Nepal's autocratic Rana regime disapproved of Nepal Bhasa, and writers and publishers were harassed and imprisoned. Singh was sentenced to life in prison for editing and publishing an anthology of poems by various poets entitled Nepali Bihar in 1939. He had the book printed in Bettiah, India and shipped to Nepal. After half of the print run had been sold, the rest of the copies were confiscated.

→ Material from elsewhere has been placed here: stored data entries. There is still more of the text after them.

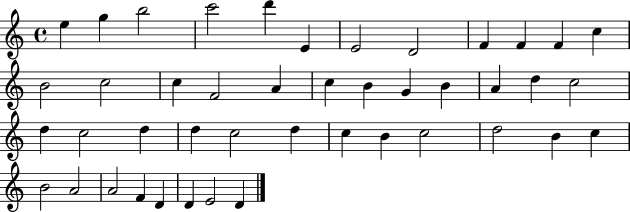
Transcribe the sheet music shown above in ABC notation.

X:1
T:Untitled
M:4/4
L:1/4
K:C
e g b2 c'2 d' E E2 D2 F F F c B2 c2 c F2 A c B G B A d c2 d c2 d d c2 d c B c2 d2 B c B2 A2 A2 F D D E2 D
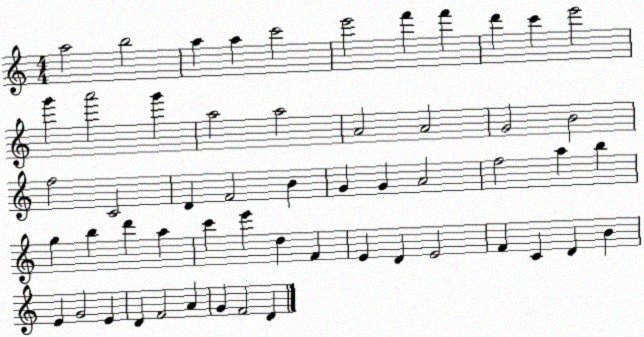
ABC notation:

X:1
T:Untitled
M:4/4
L:1/4
K:C
a2 b2 a a c'2 e'2 f' f' d' c' e'2 g' a'2 g' a2 a2 A2 A2 G2 B2 f2 C2 D F2 B G G A2 f2 a b g b d' a c' e' d F E D E2 F C D B E G2 E D F2 A G F2 D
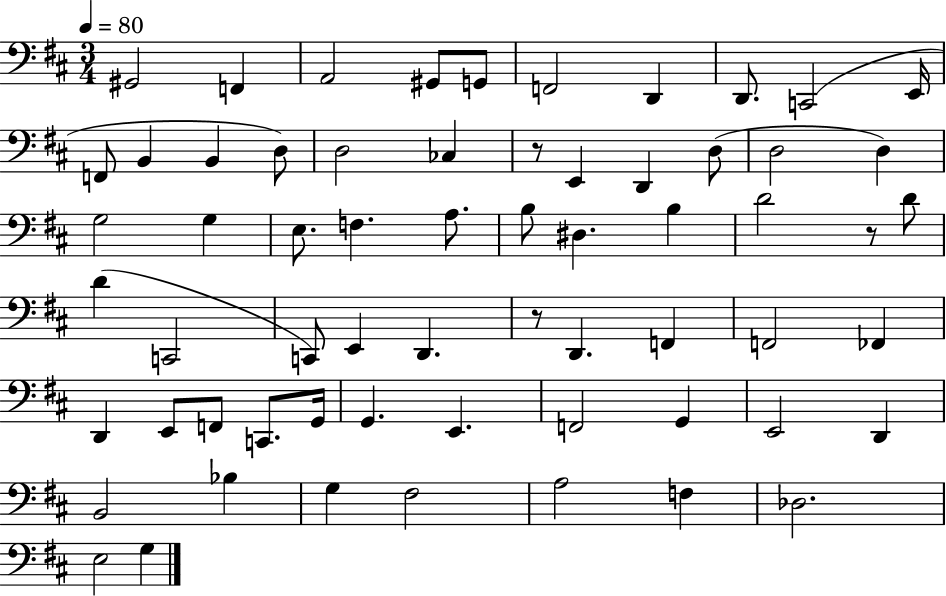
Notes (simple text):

G#2/h F2/q A2/h G#2/e G2/e F2/h D2/q D2/e. C2/h E2/s F2/e B2/q B2/q D3/e D3/h CES3/q R/e E2/q D2/q D3/e D3/h D3/q G3/h G3/q E3/e. F3/q. A3/e. B3/e D#3/q. B3/q D4/h R/e D4/e D4/q C2/h C2/e E2/q D2/q. R/e D2/q. F2/q F2/h FES2/q D2/q E2/e F2/e C2/e. G2/s G2/q. E2/q. F2/h G2/q E2/h D2/q B2/h Bb3/q G3/q F#3/h A3/h F3/q Db3/h. E3/h G3/q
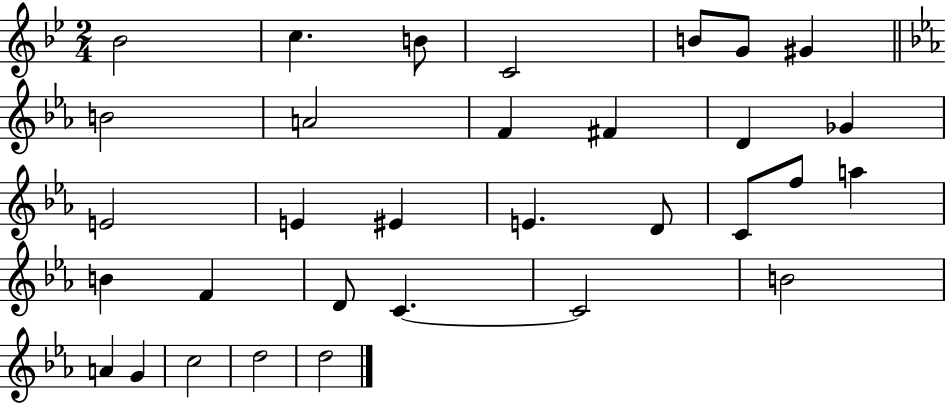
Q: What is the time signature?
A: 2/4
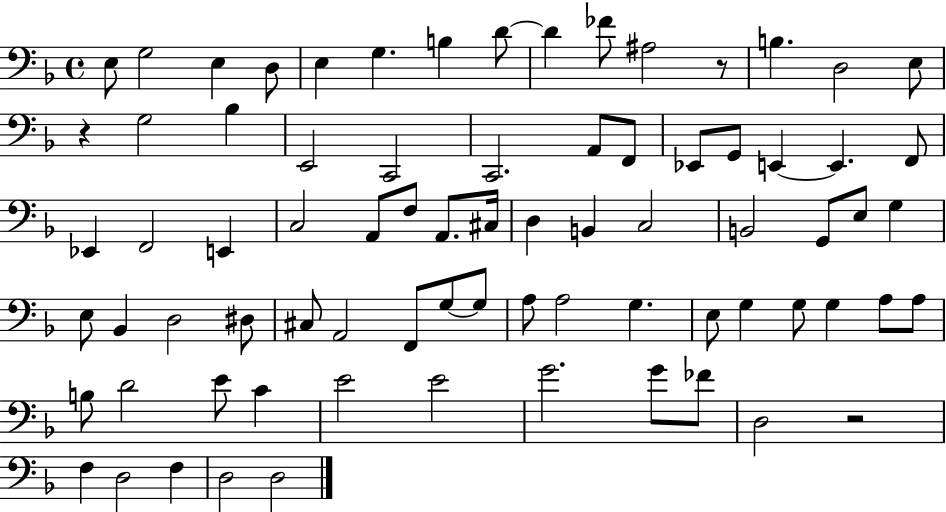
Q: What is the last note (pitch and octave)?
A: D3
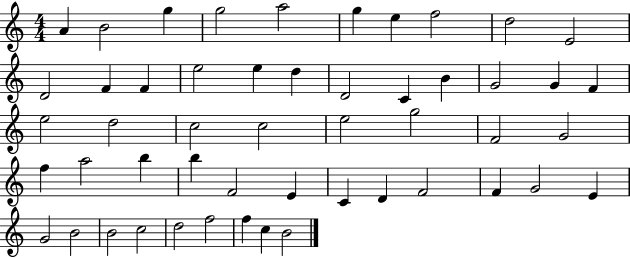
A4/q B4/h G5/q G5/h A5/h G5/q E5/q F5/h D5/h E4/h D4/h F4/q F4/q E5/h E5/q D5/q D4/h C4/q B4/q G4/h G4/q F4/q E5/h D5/h C5/h C5/h E5/h G5/h F4/h G4/h F5/q A5/h B5/q B5/q F4/h E4/q C4/q D4/q F4/h F4/q G4/h E4/q G4/h B4/h B4/h C5/h D5/h F5/h F5/q C5/q B4/h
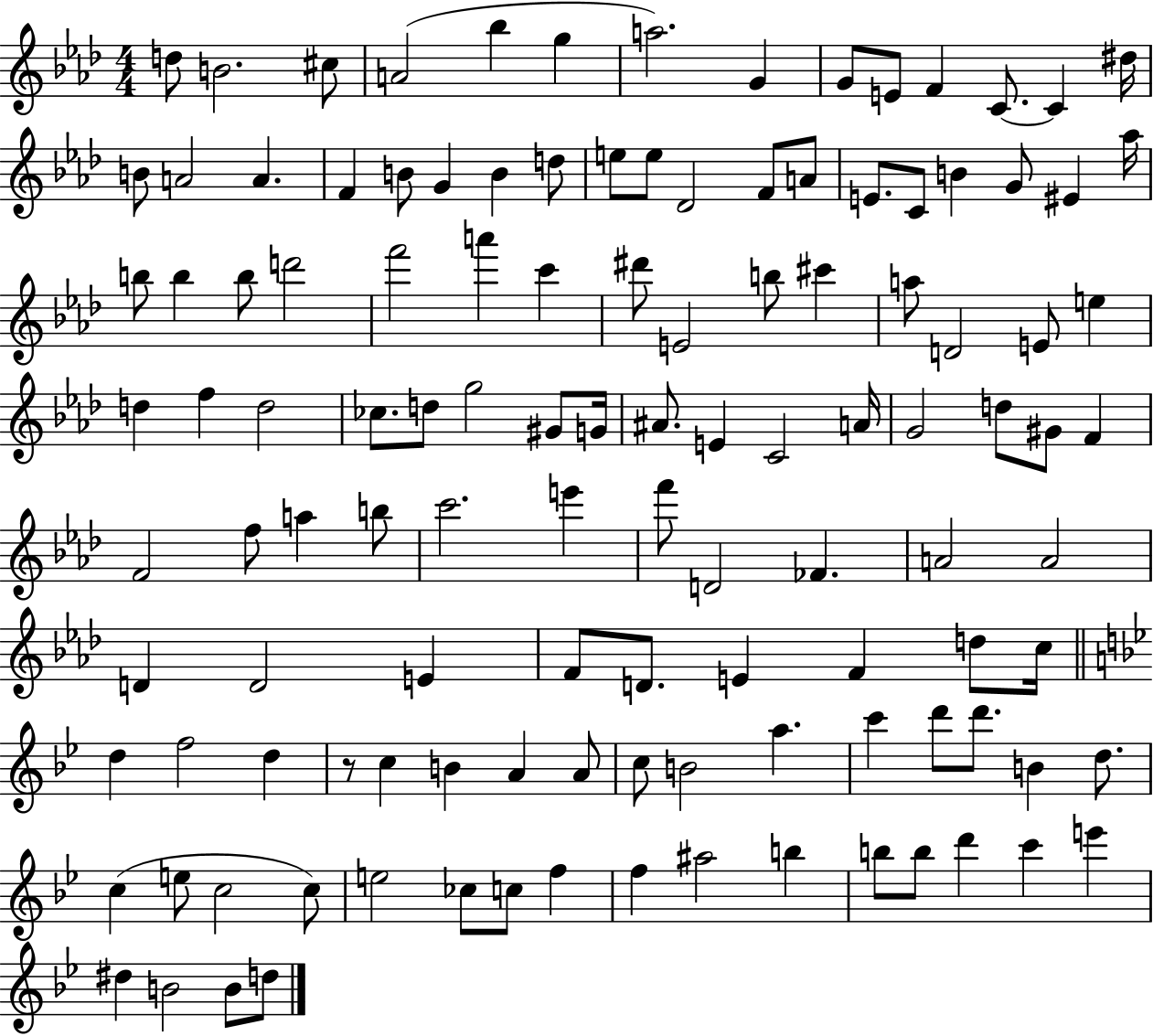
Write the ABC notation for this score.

X:1
T:Untitled
M:4/4
L:1/4
K:Ab
d/2 B2 ^c/2 A2 _b g a2 G G/2 E/2 F C/2 C ^d/4 B/2 A2 A F B/2 G B d/2 e/2 e/2 _D2 F/2 A/2 E/2 C/2 B G/2 ^E _a/4 b/2 b b/2 d'2 f'2 a' c' ^d'/2 E2 b/2 ^c' a/2 D2 E/2 e d f d2 _c/2 d/2 g2 ^G/2 G/4 ^A/2 E C2 A/4 G2 d/2 ^G/2 F F2 f/2 a b/2 c'2 e' f'/2 D2 _F A2 A2 D D2 E F/2 D/2 E F d/2 c/4 d f2 d z/2 c B A A/2 c/2 B2 a c' d'/2 d'/2 B d/2 c e/2 c2 c/2 e2 _c/2 c/2 f f ^a2 b b/2 b/2 d' c' e' ^d B2 B/2 d/2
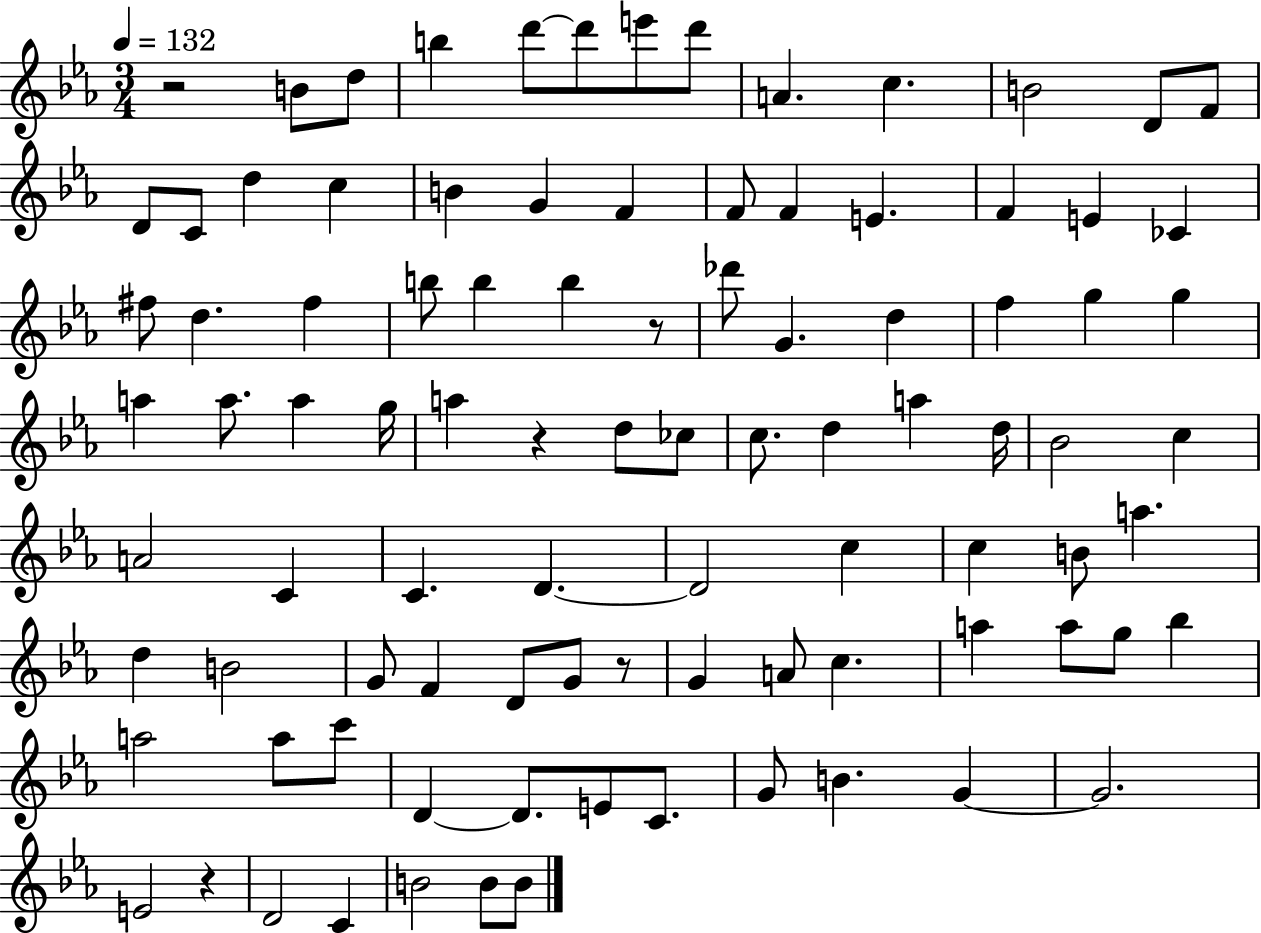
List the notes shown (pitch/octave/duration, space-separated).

R/h B4/e D5/e B5/q D6/e D6/e E6/e D6/e A4/q. C5/q. B4/h D4/e F4/e D4/e C4/e D5/q C5/q B4/q G4/q F4/q F4/e F4/q E4/q. F4/q E4/q CES4/q F#5/e D5/q. F#5/q B5/e B5/q B5/q R/e Db6/e G4/q. D5/q F5/q G5/q G5/q A5/q A5/e. A5/q G5/s A5/q R/q D5/e CES5/e C5/e. D5/q A5/q D5/s Bb4/h C5/q A4/h C4/q C4/q. D4/q. D4/h C5/q C5/q B4/e A5/q. D5/q B4/h G4/e F4/q D4/e G4/e R/e G4/q A4/e C5/q. A5/q A5/e G5/e Bb5/q A5/h A5/e C6/e D4/q D4/e. E4/e C4/e. G4/e B4/q. G4/q G4/h. E4/h R/q D4/h C4/q B4/h B4/e B4/e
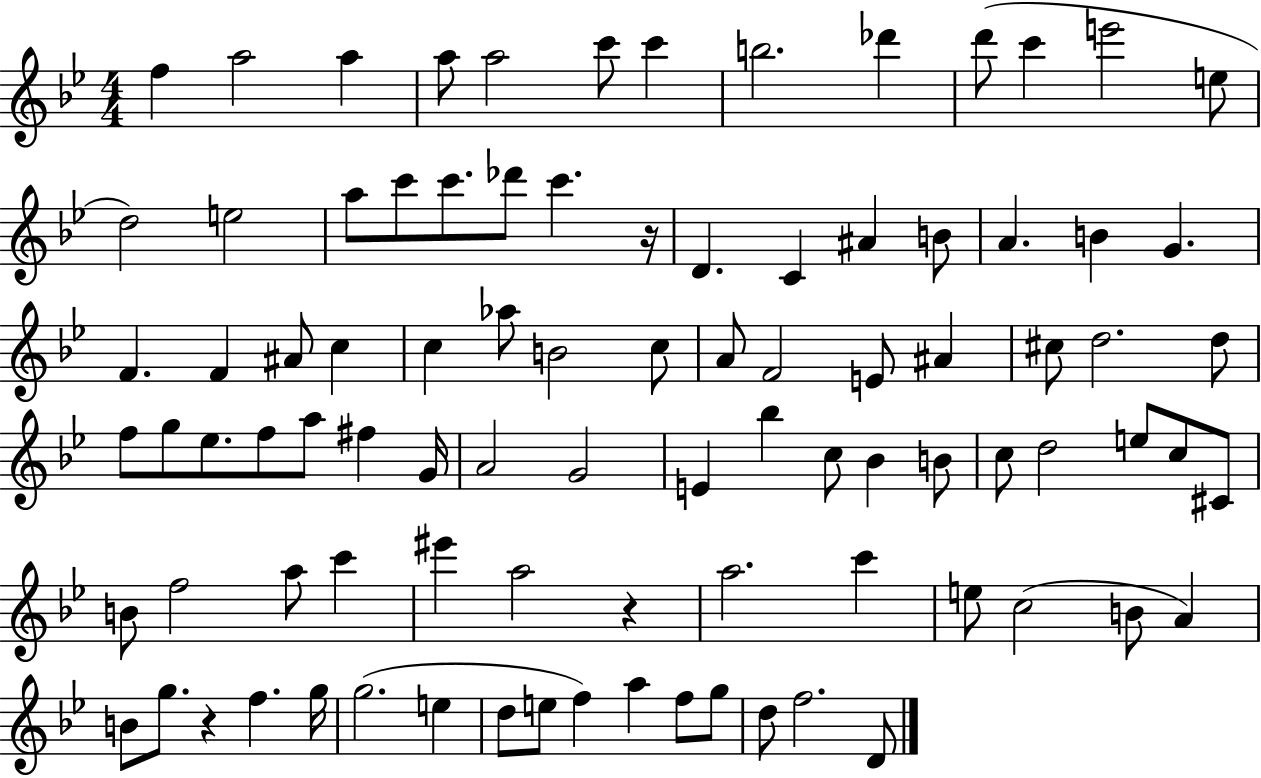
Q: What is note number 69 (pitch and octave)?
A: C6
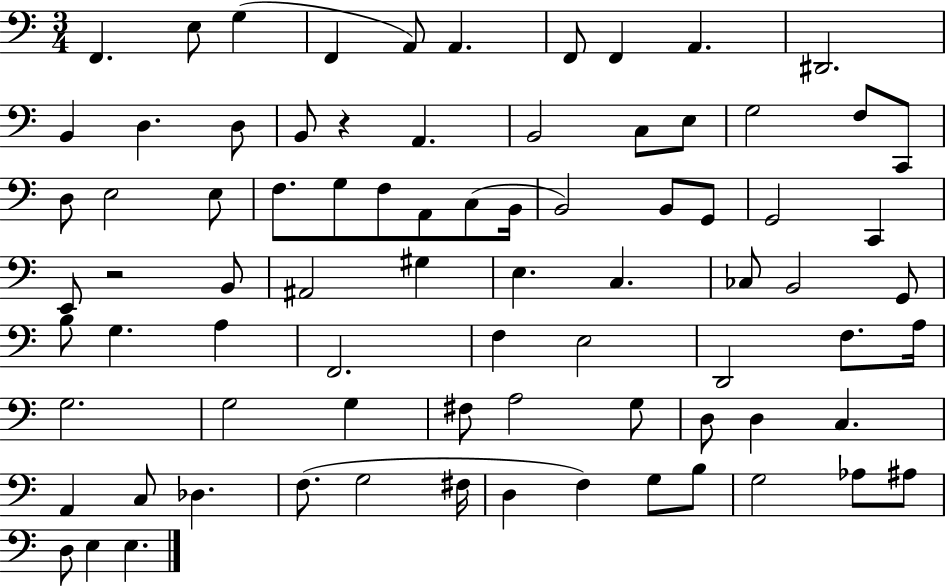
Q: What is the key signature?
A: C major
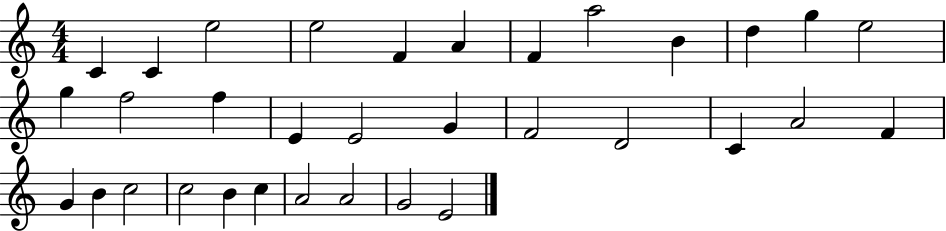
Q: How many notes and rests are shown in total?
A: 33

Singh was in jail from 1941 to 1945, when he was released along with other writers Chittadhar Hridaya and Siddhicharan Shrestha. In 1951, the Ranas were overthrown and democracy was established in Nepal. This brought freedom to publish material in Nepal Bhasa.

==Nepal Bhasa Patrika==

On 28 September 1955, Singh launched Nepal Bhasa Patrika (नेपाल भाषा पत्रिका), the first daily newspaper in Nepal Bhasa, as editor and publisher. It was published from Kathmandu and was among the few dailies during the time.

In 1962, Singh was elected president of the Federation of Nepali Journalists. He was president of Nepal Bhasa Parisad (Nepal Bhasa Council) from 1955 to 1960.

Nepal Bhasa Patrika (meaning "Nepal Bhasa Periodical") championed language rights and also reflected the interests of Nepalese business. It ceased publication not long after Singh's death in 1983.